“And besides,” Vernon hurried on, suddenly taking a different course with her, “you could be a great help to me. I never address the Senate that I don’t think of you, and wish you were there to hear me.”
“I should like to hear you,” said Amelia, softening a little. “But of course I couldn’t think of appearing in the Senate.”
“Why not? Ladies often appear there.”
“Yes, overdressed, no doubt.”
“Well, you wouldn’t have to be overdressed,” Vernon retorted. He seemed to have the advantage, but he decided to forego it. He sank back on the cushions of his chair, folding his hands and plainly taking the rest a senator needs after his legislative labors.

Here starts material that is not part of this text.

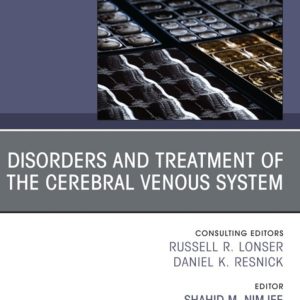 Disorders and Treatment of the Cerebral Venous System, An Issue of Neurosurgery Clinics of North America (True PDF from Publisher)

“Of course,” he said, “we needn’t discuss it now. The governor may not call the special session. If the party—” but he paused, thinking how little interested she was in the party.
“I wish you’d let politics alone,” Amelia went on relentlessly. “It seems so—so common. I don’t see what there is in it to attract you. And how am I ever going to explain your absence to those people to-morrow night? Tell them that politics detained you, I suppose?” She looked at him severely, and yet triumphantly, as if she had reduced the problem to an absurdity.
“Why,” said Vernon, “you can tell them that I was called suddenly to Springfield; that an important matter in the Senate—”
“The Senate!” Amelia sneered.
“But dearest,” Vernon began, leaning over in an attitude for argument.